Poet Robert Harrison, of East Meadow, worked for Nassau BOCES...

Poet Robert Harrison, of East Meadow, worked for Nassau BOCES as well as what is now the NICE bus system. Credit: Harrison family

Poet, photographer and keeper of the flame for Long Island literature, Bob Harrison led a life as lyrical as any of his stanzas.

In "Outlived," published in an anthology just before his death on July 6 at age 80, the East Meadow resident wrote of growing older.

"They did not age like good wine, but suffered from the bubbles of life, gasping for pure air stuck in a bottle," his poem begins. But he ended it optimistically, saying: "But they still claim the victory of living, defying the odds stacked against them, dreaming each night of a better tomorrow."

Harrison saw hundreds of his poems and three plays published, along with Oyster Bay Historical Society articles on such topics as Long Island’s military history and African American heritage. He also had thousands of photographs published, exhibited and gathered in institutional collections.

Much of this he did while managing full-time careers as a BOCES special-education teacher in the early 1970s, and afterward with MTA Long Island Bus (now Nassau Inter-County Express), retiring in 2006 as manager of its command center.

Harrison melded these disparate selves with "a quirky sense of humor," said his friend Judy Turek, of East Meadow, the Walt Whitman Birthplace Association’s Long Island Poet of the Year 2019. "He was always smiling and welcoming, and involved in a lot of different things."

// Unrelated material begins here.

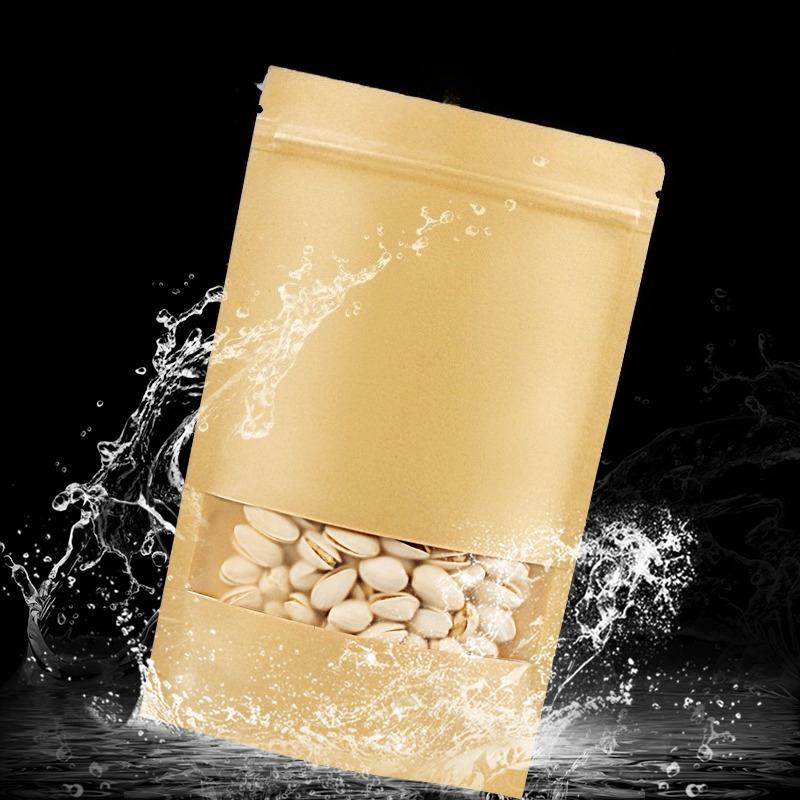 Крафт-бумажный самоподдерживающийся пакет, упаковочный пакет с самозаклеивающейся застежкой и видимым окном, экологически чистый запечатанный упаковочный пакет, доступен в нескольких размерах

"I don’t think people on Long Island appreciate the rich history we have here of poets and writers," said 2017 Long Island Poet of the Year Tammy Nuzzo-Morgan, head of the Long Island Poetry and Literature Repository, to which Harrison contributed his papers. "Musicians, OK. Actors, yes. But we’ve kind of forgotten about the poets and writers. And Bob was so fierce about not letting us forget."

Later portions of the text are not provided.